When we scope out an AI development project it will be impossible to predict exactly how progress will play out. Unexpected issues may arise, such as model performance not being good enough and that might be due to, for example, not having enough data in our data set or the model architecture isn't appropriate to doesn't generalize adequately. Or we might discover in our testing that while we have 99% accuracy, the predictions fail catastrophically in the remaining 1% of the cases.
So with this lack of predictability, how can we most effectively manage an AI development project? While there are no industry standard best practices, we can share some observations we've made throughout years of experience as well as through discussions with many industry players.
Define all stages in the project lifecycle from the outset. This includes scoping, data acquisition, modeling and deployment. This will allow you to budget enough time for the full project all the way through to final implementation. We've seen many projects start with a quick POC that delivers promising results, but get cancelled due to lack of resources once the scale of work that needs to be done to make it robust enough for production is clear.
Budget much more than you think for data labelling. Quick prototypes can be developed with off the shelf datasets available from the internet or quickly generated by an engineer. For a robust deployment in the field that will deliver positive ROI, the model needs to be trained on orders of magnitude more data.
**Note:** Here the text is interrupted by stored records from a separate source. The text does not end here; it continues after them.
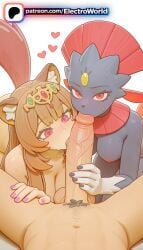 1boy 1girls 2026 2girls ai_generated animal_ears anthro aqua_nails artist_name black_nails blowjob blowjob_face blue_nails blush breasts bust chest cock dick electroworld exposed_nipples fellatio female ffm_threesome forehead_jewel green_nails group_sex hi_res high_quality high_resolution highres large_penis licking licking_penis multiple_fellatio multiple_girls nail_polish nipples nipples_outside oral oral_sex patreon patreon_username penis pink_nails pokemon purple_nails red_eyes red_nails stable_diffusion straight sucking testicle_sucking testicles uncensored veins veiny_penis watermark weavile yellow_nails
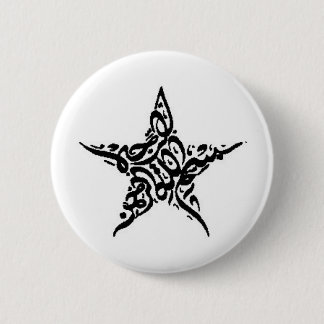 Chapa Redonda De 5 Cm Adorno de la estrella de Bismillah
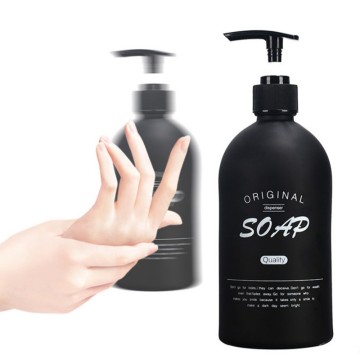 500ml Retro Minimalist Style Black Glass Bathroom Shampoo Scandinavian Travel Storage Bottle Liquid Lotion Storage Bottle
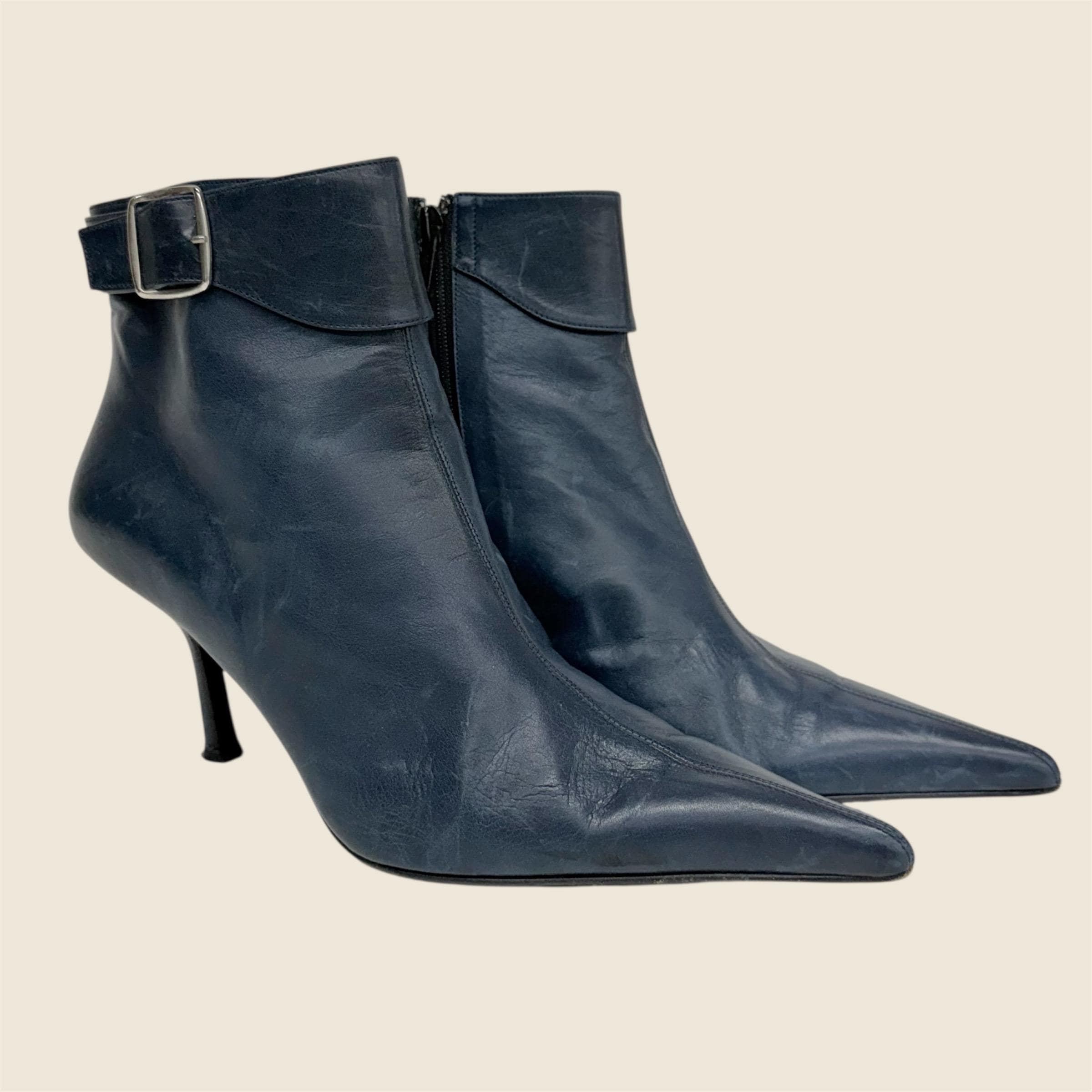 Talons Colin Stuart Vero Cuoio Noir - Slip On - Taille US 5.5 (femme)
You will probably need to collect additional data and label it with human effort.
Set up a testing pipeline from the outset. This is more of an engineering tip, but should also be considered when planning. Machine learning models are brittle, and some bugs can be introduced that subtly break things (the model still trains, but its accuracy is now lower). A continuous testing pipeline, at the code as well at the training level, will help catch regressions more quickly.
90% of the work happens after deployment. Remember that after deployment, your model is alive. It will probably need constant monitoring, data acquisition, relabelling and retraining.
Build up from a prototype. Instead of tackling the full problem from the outset, break it down into minimum viable objectives. Develop a model for the lowest hanging fruit and build up from there. Not only will it be easier and faster to show results to management, it will help identify faulty assumptions early on and correct them.